When We Went to the Park, 0 7445 0301 9, £1.95
is a counting book (to ten). It is also a story of a walk to the park with Grandpa, a marvellously crowded and event-filled reflection of suburban/small town living. Everything works, even the endpapers. Bathwater’s Hot (0 7445 030 0, £1.95) and Noisy (0 7445 0302 7, £1.95) deal in similar fashion with opposites and sounds.
Another artist who can surprise and delight with her originality is Jan Ormerod.
In The Story of Chicken Licken, Walker Books, 0 7445 0351 5, £5.95 she tells the traditional story in speech bubbles as a cast of children act out their version for an audience of families and friends. As the story unfolds on the brightly lit stage, more stories are happening in the silhouetted audience. Lots to engage the attention of young readers (and their parents).
For a more classic approach to traditional tales.
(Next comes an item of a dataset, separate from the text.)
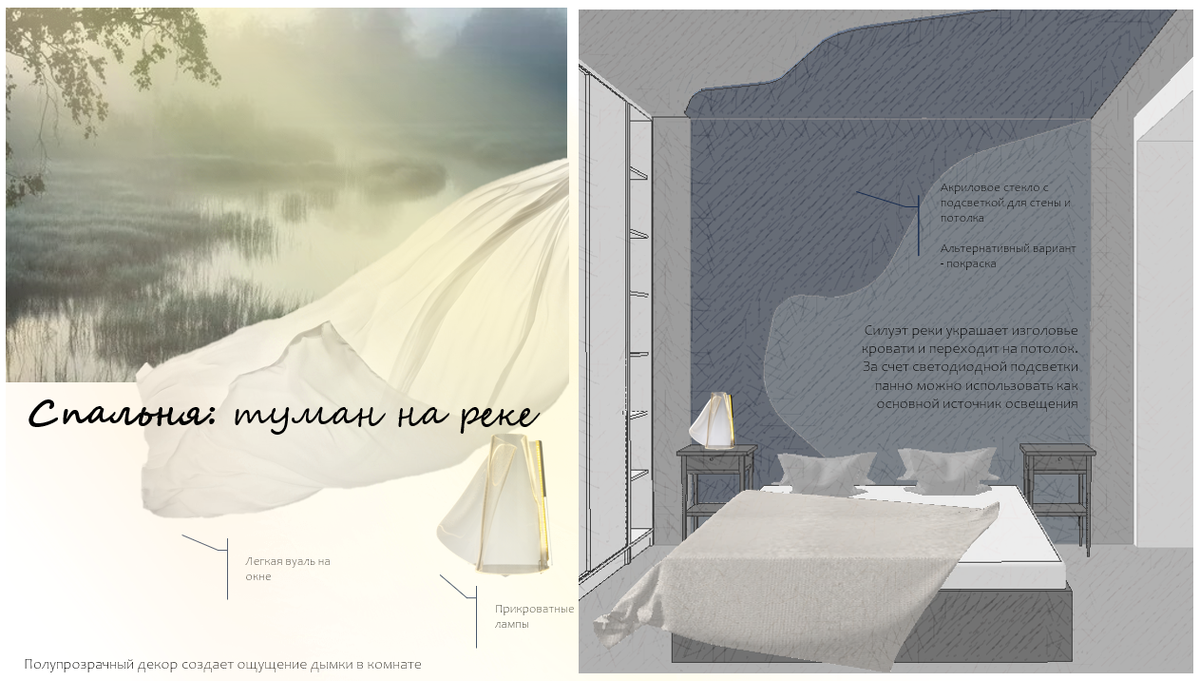 мудборд содержит основные элементы интерьера, комментарии к материалам, но главное, позволяет понять, атмосферу будущего интерьера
The Helen Oxenbury Nursery Story Book, Heinemann, 0 434 95602 3, £6.95
A collection of ten of the most popular childhood tales retold in a conversational storyteller’s voice, just right for the age range. The illustrations – vignettes, half-page, full-page and double-spread – move surely between the reassuring and the deliciously frightening in a mix of soft yet strong tones. The whole is beautifully designed with 4,
Lazy Jack, Tony Ross, Andersen, 0 86264 107 1, £4.95
For once there’s no suggestion of disputing the publisher’s blurb – ‘Tony Ross is a master of the comic updated folk tale.’ This time the updating is not so much in the illustration, which is sort-of eighteenth-century, as in the language. In any version this ‘simpleton’ tale is funny but the increasingly enraged invective of Jack’s desperate mother had the juniors I shared this with rocking with laughter and squealing in delighted anticipation of the next outburst. ‘Twit,’ she cries; ‘Gormless beetle brain,’ she screeches; ‘Nitwitted pinhead,’ she shouts, as he proceeds calmly through the story following her advice exactly but in quite the wrong situation. The pictures, in which Jack is depicted as a resigned and hopeful tryer who never takes his hands from his pockets if he can help it, are Tony Ross at his deadpan best.
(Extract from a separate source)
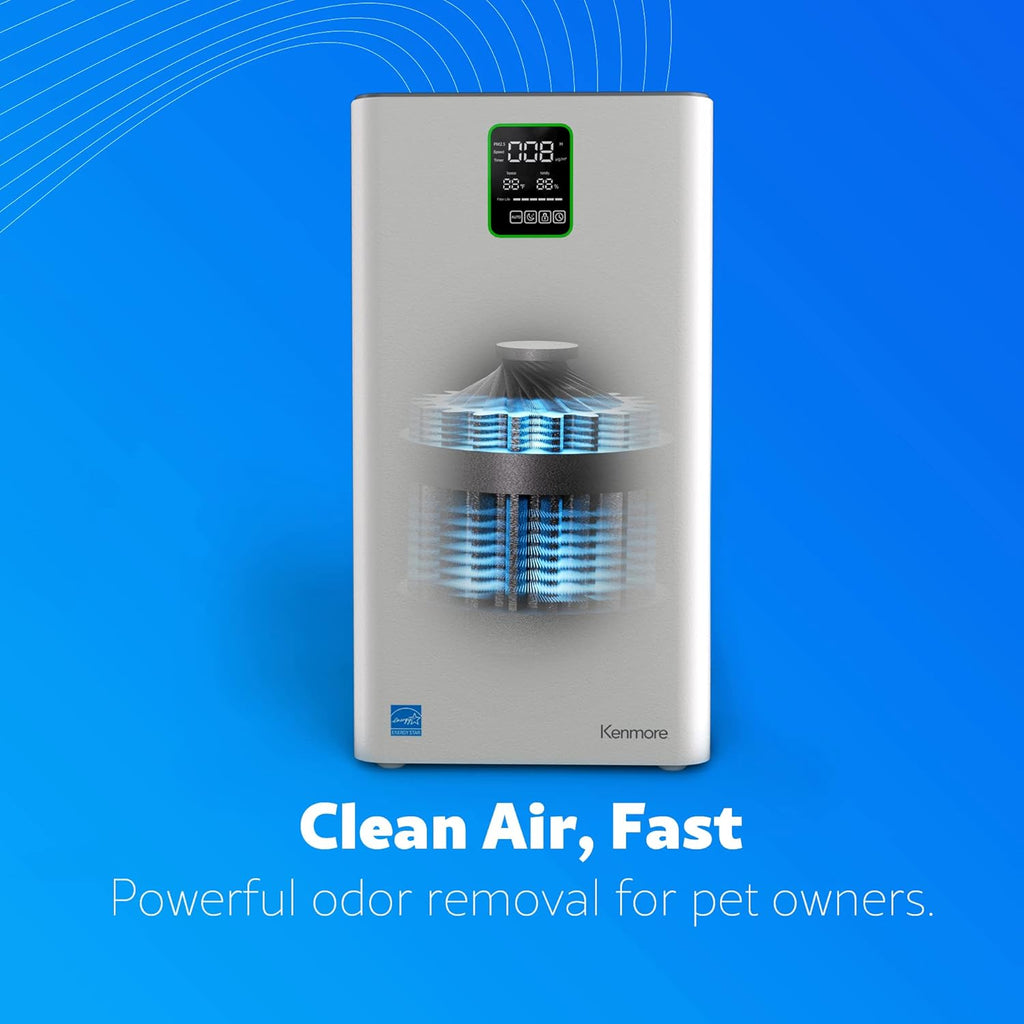 Kenmore PM3020 Air Purifiers with H13 True HEPA Filter, Covers Up to 1500 Sq.Foot, 24db SilentClean 3-Stage HEPA Filtration System, 5 Speeds for Home Large Room, Kitchens & Bedroom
Folk Tales defy age ranges and cross cultures. We’ve chosen several – individual versions and collections.
Legends of Earth, Air, Fire and Water, Eric and Tessa Hadley, Cambridge University Press, 0 521 26311 5, £5.95
In this their second collection of tales the Hadleys have brought together stories about the life-giving elements from five continents.
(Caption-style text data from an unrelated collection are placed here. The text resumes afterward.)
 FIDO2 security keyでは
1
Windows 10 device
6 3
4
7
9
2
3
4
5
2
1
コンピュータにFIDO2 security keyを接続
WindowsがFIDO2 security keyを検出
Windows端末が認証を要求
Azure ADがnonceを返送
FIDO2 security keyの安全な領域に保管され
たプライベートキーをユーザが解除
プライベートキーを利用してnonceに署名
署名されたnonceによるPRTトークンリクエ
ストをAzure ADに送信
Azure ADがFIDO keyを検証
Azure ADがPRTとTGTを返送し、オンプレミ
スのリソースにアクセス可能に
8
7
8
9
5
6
Their versions are short and accessible but shaped always with respect for the voice of the original teller. There is joy, wonder, fear, warnings and regrets – all the traditional wisdom in fact of the cultures from which the stories came. A well-judged, thought-provoking introduction and some sensitively executed illustrations make this a particularly good volume for junior classes.
The Magic Grove, Libuse and Josef Palecek, Neugebauer Press, 0 907234 72 0, £5.95
A retelling of a traditional Persian tale which celebrates the virtues of love, friendship and unselfishness. The book is beautifully designed and the illustrations, while retaining a grave formality of design, are richly and sumptuously coloured.
Stories to Solve, George Shannon, ill. Peter Sis, Julia MacRae, 0 86203 235 0, £5.25
Not a colour in sight but that’s no reason to pass over this very well designed collection of stories each of which sets the reader a problem or puzzle to solve. Peter Sis’s black and white illustrations add to the pleasure of getting involved with these traditional international mysteries.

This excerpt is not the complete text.